What Protection Rules Does WAF Support?

The protection rules supported by WAF are described below.

  • Basic Web Protection

    WAF can defend against common web attacks, such as SQL injection, XSS, web shells, and Trojans in HTTP upload channels. Once these functions are enabled, protection takes effect immediately.

  • CC Attack Protection

    Flexible rate limiting policies can be set based on the IP addresses, cookies, or Referer field, mitigating CC attacks.

  • Precise Protection

    Common HTTP fields can be combined to customize protection policies, such as CSRF protection. With user-defined rules, WAF can accurately detect malicious requests and protect sensitive information in websites.

  • Blacklist and Whitelist

    Blacklist or whitelist rules allow you to block or allow specific IP addresses or address ranges, improving defense accuracy.

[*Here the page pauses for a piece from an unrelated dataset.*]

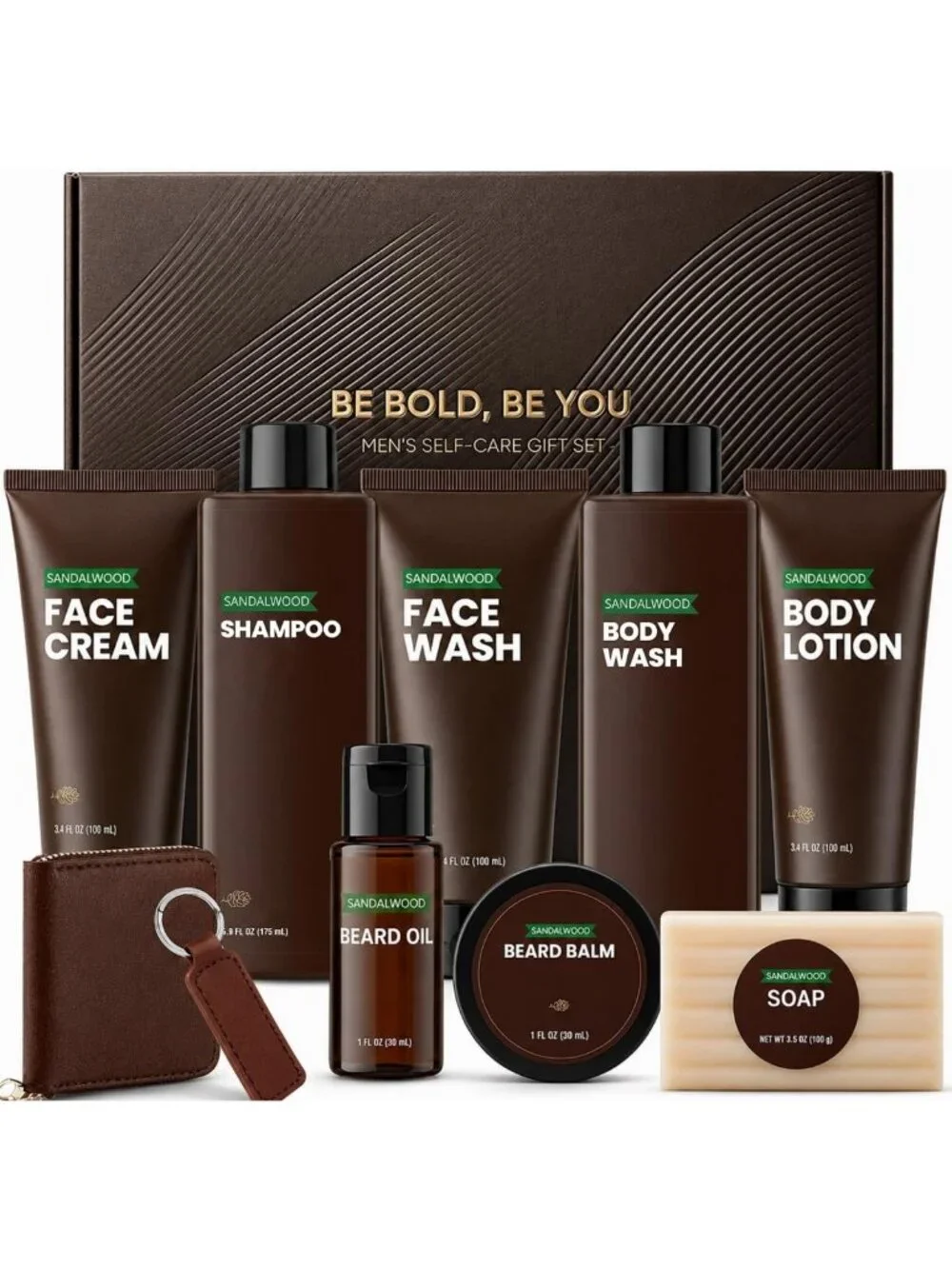 10-Piece Gift Basket for Men - Sandalwood Bath & Body Set for Dad, Boyfriend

  • Geolocation Access Control

    Geolocation access control rules allow you to customize access control based on the source IP addresses.

  • Web Tamper Protection

    Cache configuration is performed on static web pages. When a user accesses a web page, the system returns a cached page to the user and randomly checks whether the page is tampered with.

  • Anti-crawler Protection

    This function dynamically analyzes website service models and accurately identifies crawler behavior based on data risk control and bot identification systems, such as JS Challenge.

  • False Alarm Masking

    This function ignores certain attack detection rules for specific requests.

  • Data Masking

    Data masking prevents such data as passwords from being displayed in event logs.

  • Information Leakage Prevention

    WAF prevents user's sensitive information on web pages from being disclosed, such as ID numbers, phone numbers, and email addresses.